▶ _Source records_
Content starts

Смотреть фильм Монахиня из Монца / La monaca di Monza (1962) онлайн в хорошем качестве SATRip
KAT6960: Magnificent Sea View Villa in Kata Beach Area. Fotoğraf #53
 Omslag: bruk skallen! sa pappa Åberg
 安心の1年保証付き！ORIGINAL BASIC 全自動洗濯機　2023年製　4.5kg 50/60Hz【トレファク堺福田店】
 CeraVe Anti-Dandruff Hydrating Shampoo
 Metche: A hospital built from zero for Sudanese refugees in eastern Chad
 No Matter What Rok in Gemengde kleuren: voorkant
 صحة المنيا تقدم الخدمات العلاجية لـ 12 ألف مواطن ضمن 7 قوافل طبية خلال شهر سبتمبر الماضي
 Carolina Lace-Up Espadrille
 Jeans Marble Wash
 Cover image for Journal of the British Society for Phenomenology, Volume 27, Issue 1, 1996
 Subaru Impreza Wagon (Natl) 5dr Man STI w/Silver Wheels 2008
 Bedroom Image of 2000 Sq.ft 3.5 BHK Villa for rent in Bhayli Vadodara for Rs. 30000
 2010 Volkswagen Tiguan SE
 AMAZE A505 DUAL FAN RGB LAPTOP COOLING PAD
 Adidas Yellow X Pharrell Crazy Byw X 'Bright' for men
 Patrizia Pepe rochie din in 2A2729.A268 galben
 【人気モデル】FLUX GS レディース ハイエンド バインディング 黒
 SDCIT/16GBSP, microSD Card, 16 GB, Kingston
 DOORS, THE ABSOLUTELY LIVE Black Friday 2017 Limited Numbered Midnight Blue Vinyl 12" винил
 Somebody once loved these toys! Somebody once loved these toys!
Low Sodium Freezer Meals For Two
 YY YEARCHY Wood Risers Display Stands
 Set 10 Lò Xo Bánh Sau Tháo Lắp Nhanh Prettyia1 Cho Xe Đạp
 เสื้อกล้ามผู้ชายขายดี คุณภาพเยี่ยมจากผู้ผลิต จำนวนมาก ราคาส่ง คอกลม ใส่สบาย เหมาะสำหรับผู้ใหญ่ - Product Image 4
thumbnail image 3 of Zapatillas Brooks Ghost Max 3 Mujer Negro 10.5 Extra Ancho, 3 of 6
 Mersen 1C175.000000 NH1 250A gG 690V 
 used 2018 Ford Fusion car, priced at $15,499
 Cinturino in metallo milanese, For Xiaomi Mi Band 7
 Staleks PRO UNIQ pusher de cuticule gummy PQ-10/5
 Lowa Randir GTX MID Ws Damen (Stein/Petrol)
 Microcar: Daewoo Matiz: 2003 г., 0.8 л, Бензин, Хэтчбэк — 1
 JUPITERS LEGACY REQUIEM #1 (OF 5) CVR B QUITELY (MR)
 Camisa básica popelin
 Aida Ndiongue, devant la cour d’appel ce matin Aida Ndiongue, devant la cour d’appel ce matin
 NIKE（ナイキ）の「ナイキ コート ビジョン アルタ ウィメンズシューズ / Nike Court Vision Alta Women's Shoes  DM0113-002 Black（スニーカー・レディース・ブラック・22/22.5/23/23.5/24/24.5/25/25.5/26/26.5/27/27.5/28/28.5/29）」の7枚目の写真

Content ends

▶ _Problem_
All the lines above should come back exactly as written.

▶ _Response_
Смотреть фильм Монахиня из Монца / La monaca di Monza (1962) онлайн в хорошем качестве SATRip
KAT6960: Magnificent Sea View Villa in Kata Beach Area. Fotoğraf #53
 Omslag: bruk skallen! sa pappa Åberg
 安心の1年保証付き！ORIGINAL BASIC 全自動洗濯機　2023年製　4.5kg 50/60Hz【トレファク堺福田店】
 CeraVe Anti-Dandruff Hydrating Shampoo
 Metche: A hospital built from zero for Sudanese refugees in eastern Chad
 No Matter What Rok in Gemengde kleuren: voorkant
 صحة المنيا تقدم الخدمات العلاجية لـ 12 ألف مواطن ضمن 7 قوافل طبية خلال شهر سبتمبر الماضي
 Carolina Lace-Up Espadrille
 Jeans Marble Wash
 Cover image for Journal of the British Society for Phenomenology, Volume 27, Issue 1, 1996
 Subaru Impreza Wagon (Natl) 5dr Man STI w/Silver Wheels 2008
 Bedroom Image of 2000 Sq.ft 3.5 BHK Villa for rent in Bhayli Vadodara for Rs. 30000
 2010 Volkswagen Tiguan SE
 AMAZE A505 DUAL FAN RGB LAPTOP COOLING PAD
 Adidas Yellow X Pharrell Crazy Byw X 'Bright' for men
 Patrizia Pepe rochie din in 2A2729.A268 galben
 【人気モデル】FLUX GS レディース ハイエンド バインディング 黒
 SDCIT/16GBSP, microSD Card, 16 GB, Kingston
 DOORS, THE ABSOLUTELY LIVE Black Friday 2017 Limited Numbered Midnight Blue Vinyl 12" винил
 Somebody once loved these toys! Somebody once loved these toys!
Low Sodium Freezer Meals For Two
 YY YEARCHY Wood Risers Display Stands
 Set 10 Lò Xo Bánh Sau Tháo Lắp Nhanh Prettyia1 Cho Xe Đạp
 เสื้อกล้ามผู้ชายขายดี คุณภาพเยี่ยมจากผู้ผลิต จำนวนมาก ราคาส่ง คอกลม ใส่สบาย เหมาะสำหรับผู้ใหญ่ - Product Image 4
thumbnail image 3 of Zapatillas Brooks Ghost Max 3 Mujer Negro 10.5 Extra Ancho, 3 of 6
 Mersen 1C175.000000 NH1 250A gG 690V 
 used 2018 Ford Fusion car, priced at $15,499
 Cinturino in metallo milanese, For Xiaomi Mi Band 7
 Staleks PRO UNIQ pusher de cuticule gummy PQ-10/5
 Lowa Randir GTX MID Ws Damen (Stein/Petrol)
 Microcar: Daewoo Matiz: 2003 г., 0.8 л, Бензин, Хэтчбэк — 1
 JUPITERS LEGACY REQUIEM #1 (OF 5) CVR B QUITELY (MR)
 Camisa básica popelin
 Aida Ndiongue, devant la cour d’appel ce matin Aida Ndiongue, devant la cour d’appel ce matin
 NIKE（ナイキ）の「ナイキ コート ビジョン アルタ ウィメンズシューズ / Nike Court Vision Alta Women's Shoes  DM0113-002 Black（スニーカー・レディース・ブラック・22/22.5/23/23.5/24/24.5/25/25.5/26/26.5/27/27.5/28/28.5/29）」の7枚目の写真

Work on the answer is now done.